**Your instructions**
Your reply must contain the full listing below, reproduced exactly, but no pictures.

**Collected material**
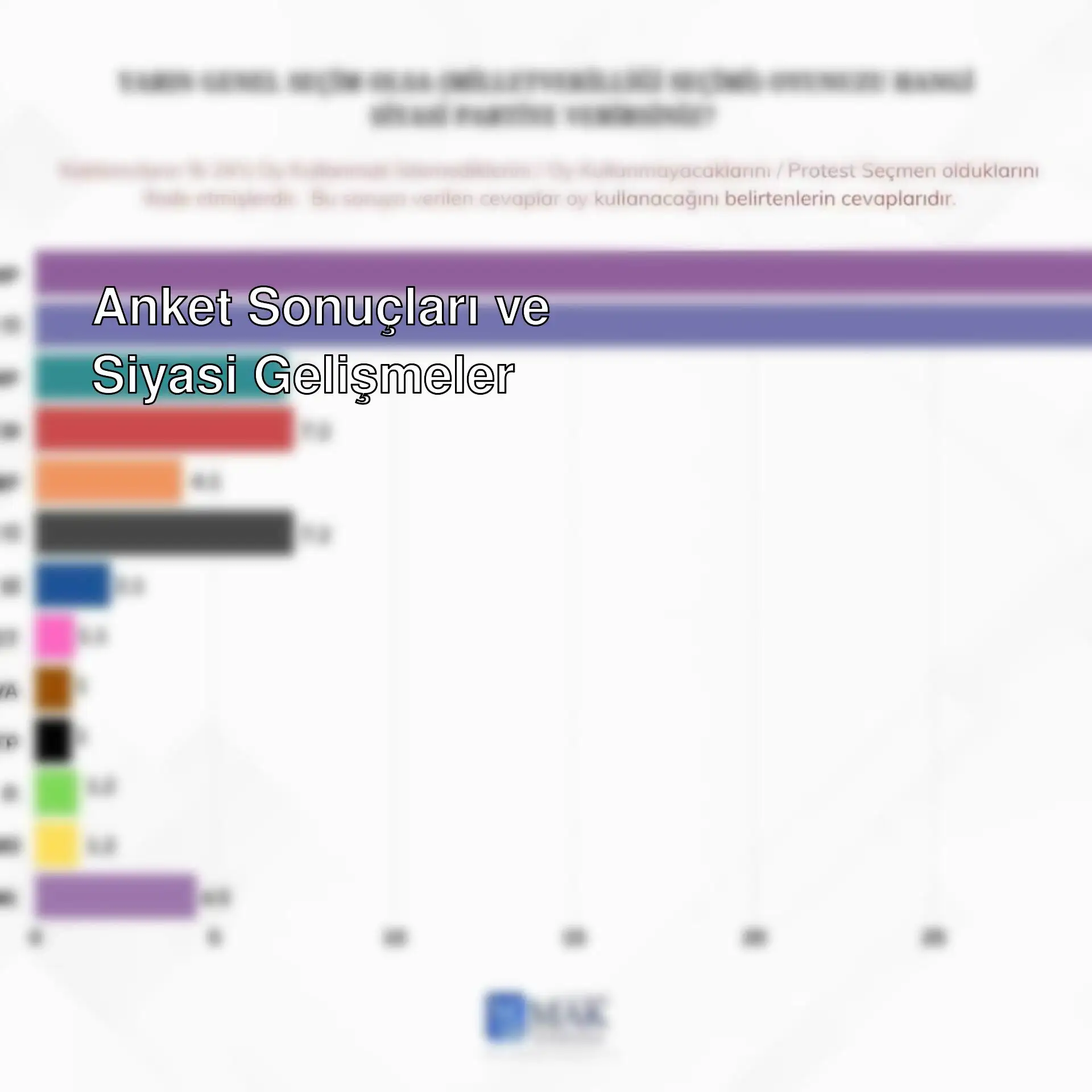 Anket sonuçlarını gösteren grafik.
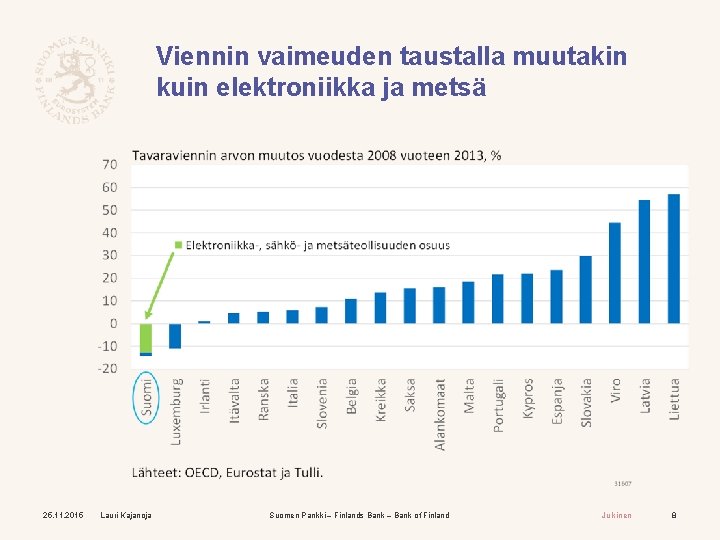 Viennin vaimeuden taustalla muutakin kuin elektroniikka ja metsä 25. 11. 2015 Lauri Kajanoja Suomen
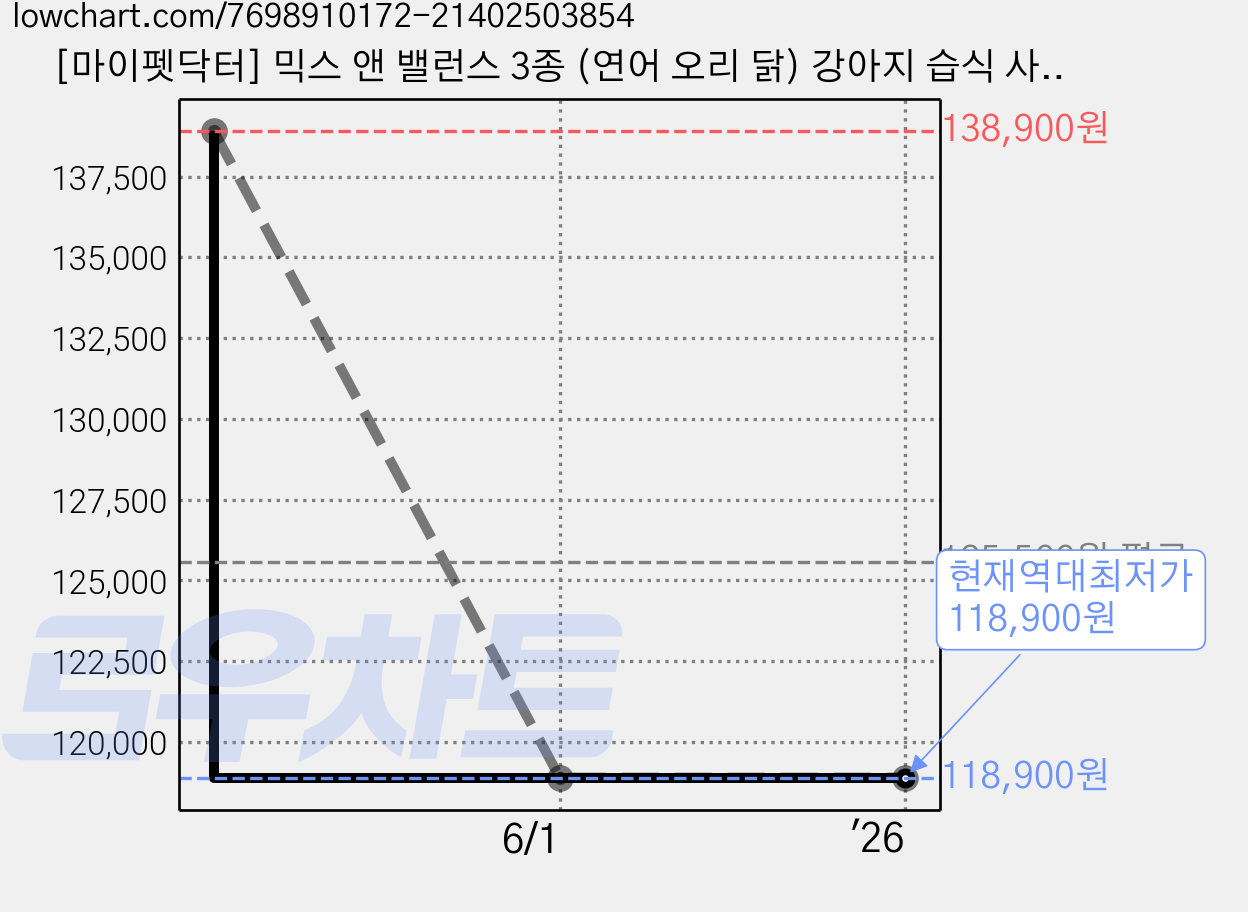 [마이펫닥터] 믹스 앤 밸런스 3종 (연어 오리 닭) 강아지 습식 사료 육류90% 음수량 퍼피 어덜트 시니어 400g, 10개, 닭 가격 변동 차트, 현재가 118,900원, 역대최저가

**Exercise result**
 Anket sonuçlarını gösteren grafik.
 Viennin vaimeuden taustalla muutakin kuin elektroniikka ja metsä 25. 11. 2015 Lauri Kajanoja Suomen
 [마이펫닥터] 믹스 앤 밸런스 3종 (연어 오리 닭) 강아지 습식 사료 육류90% 음수량 퍼피 어덜트 시니어 400g, 10개, 닭 가격 변동 차트, 현재가 118,900원, 역대최저가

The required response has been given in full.